As you know there are two types of pumps. One works on hydrolics (the kind I have) was Arrow now Codman and the other by battery. The are filled differently and the dosages changed differently, so there is a big difference between the two. From what I understand the battery one has to be replaced every so often (forget how many years) to replace the battery - this requires another surgery. The hydrolics one works by just that and is expected to last for 20 years or more.
Has the doctor shown you the actual pump so you can get an idea of how it works and what it looks like? You can see pictures of it online as well to get an idea. They implante the pump resevour (about the size of a hockey puck) in your front (one important thing is to discuss placement with your dr. - mine was very considerate of where he placed it and it's just under my ribcage) and there is a cathetar that goes around your side and connects to a port in the spine. Mine has to be refilled about every 60 days. They insert a special needle into the pump and remove the remaining morphine (there are no preservatives added so they have to drain it each time) and then refill it. It's not very painful, less than having blood drawn or about the same, as long as you have a good tech.. With the Codman they change the dosage by increasing the amount of morphine that is filled into the pump, so it takes quite a while to get your dosage up. It has to be done in slow increases and for me it took months to get my dosage high enough.
Back to placement... if placed too high it can get up under your ribs, too low and pants would be difficult to fit. Even with mine where it is I have to wear low rider jeans/pants because a normal waist band is annoying.
The pump is not visable at all with clothes on, but does poke out some without clothing. The cathetar is almost impossible to find unless you feel around for it and the port in the spine does poke out a little.

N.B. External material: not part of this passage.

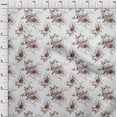 thumbnail image 4 of oneOone Silk Tabby White Fabric Florals Craft Projects Decor Fabric Printed By The Yard 42 Inch Wide, 4 of 4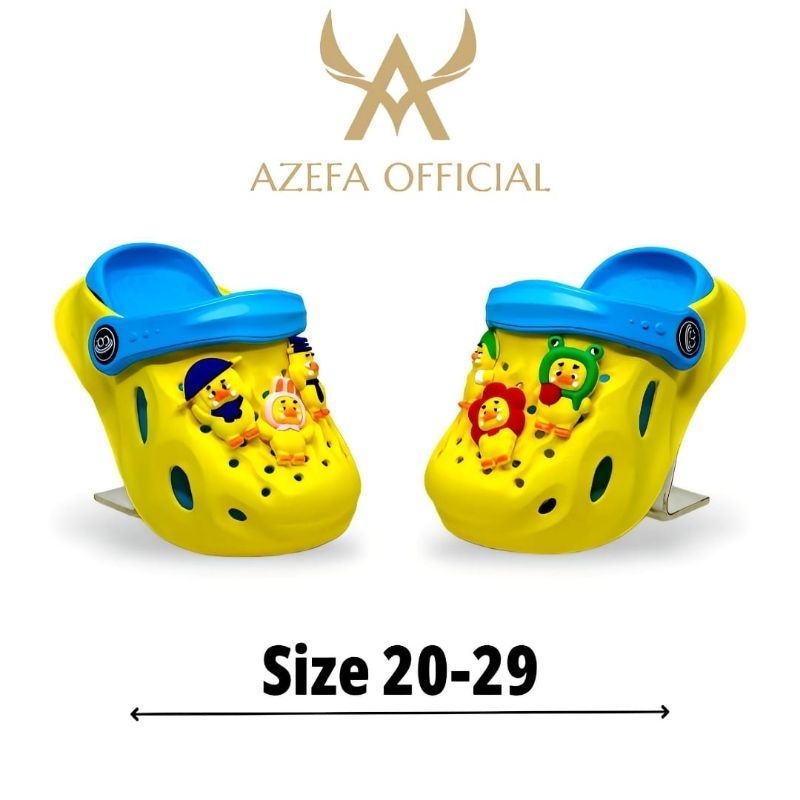 Sandal Anak-Anak Tali Belakang Motif Bebek Lucu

It's difficult to say what dosages would equal what because they don't figure them like oral meds.. This is going directly into your spine so you don't have to take near as much for the same effect - plus your body is not having to have it going through your system. But I've found that most people still need to take oral meds to alleviate their pain. My pump is set at 30ml which is about as high as they usually will go with the dosage and gives the same amount constantly. There's this whole formula that they use and it sounds like Shoreline is much more of an expert in that department than I am.

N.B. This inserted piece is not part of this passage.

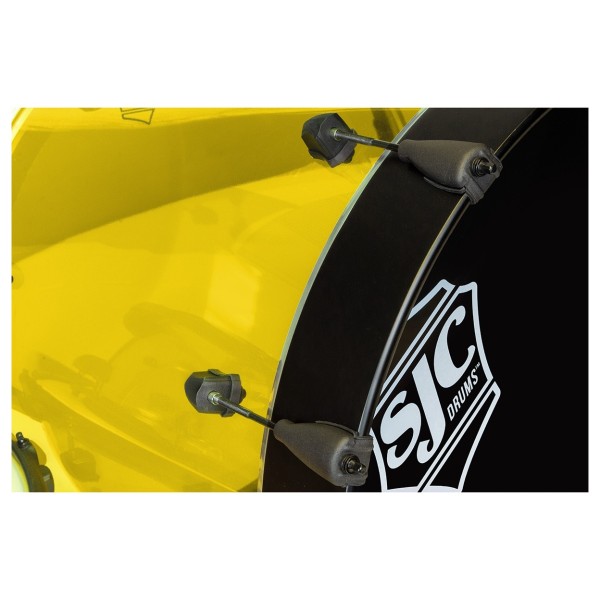 SJC Drums Josh Dun Torch 3pc Shell Pack, Yello Acrylic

As far as going through air port security - you are given an ID card and are to carry it with you at all times. You can then give this to them and they will understand what is going on. It's made out of titanium by the way. I've been through a metal detector at the courthouse and it didn't even set it off.
Appointments for refills are scheduled for a few days before your "alarm date" (when your pump will run out) and this should be taken into consideration when you are planning a trip, etc.. I don't know if an ER would be able to refill your pump for you if you were out of town. My doctor has to order my meds and they come in mixed and ready to be used.

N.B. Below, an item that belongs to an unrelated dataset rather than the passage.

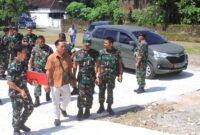 Kolonel Inf Tri Aji Sartono, M.Han., melakukan peninjauan ke lokasi dan Komandan Kodim 0806/Trenggalek, Letkol Inf Edy Sunarko, S.Sos., yang turut mendampingi kegiatan tersebut.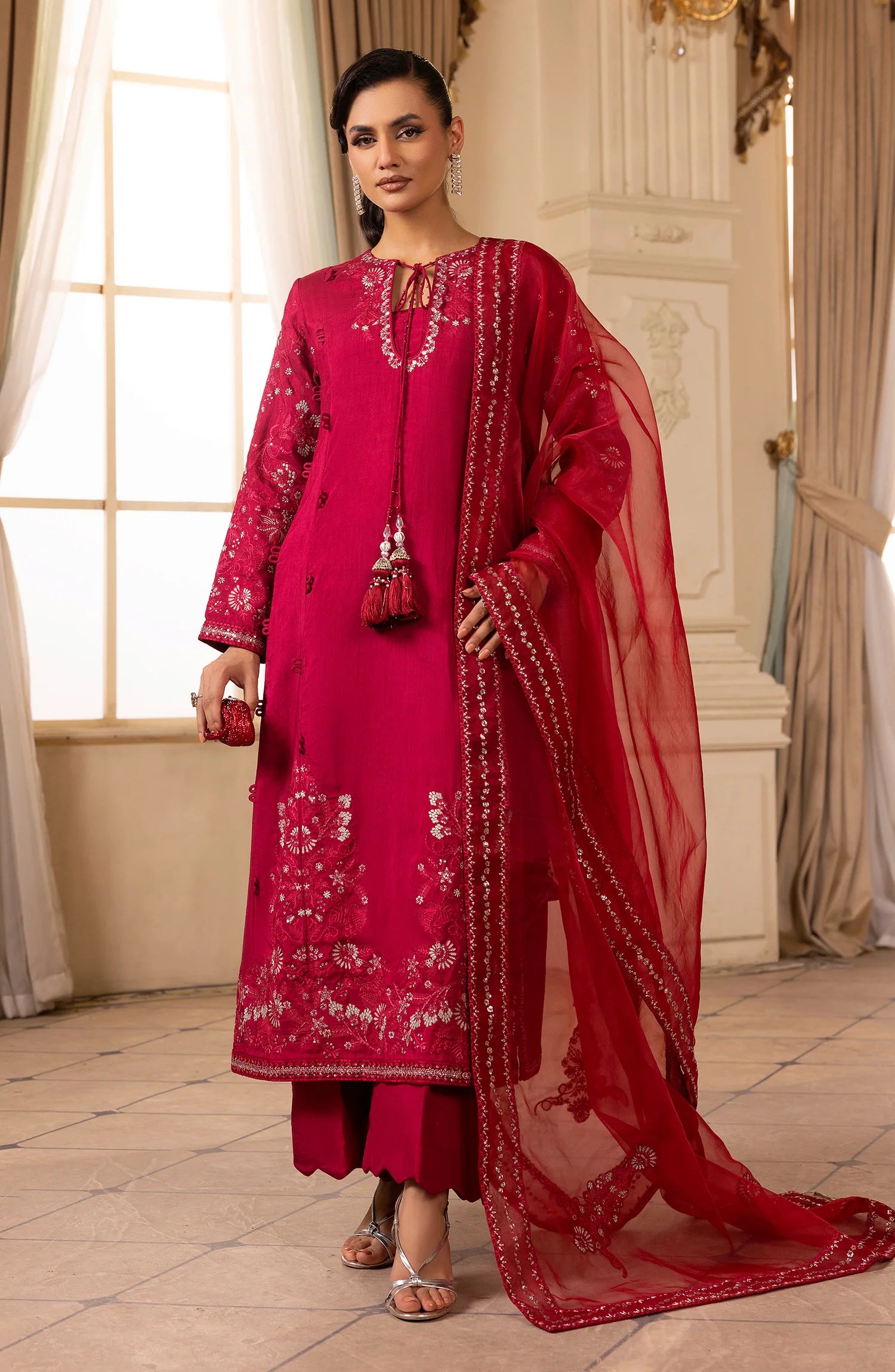 Ruby Korean Raw Silk Pret 3 PCs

I hope I was able to add something to what the others have already so wonderfully posted. If I can answer anything else, just let me know.
Good luck and please take your time making this decision. I'm in my mid 30's and will have this for the rest of my (God willing long) life. It is not meant to nor is it going to take all of your pain away. Please make sure you are dealing with a doctor that has a lot of experience with these and can tell you exactly why you should have one model over another and that is willing to answer all of your questions as many times as you need.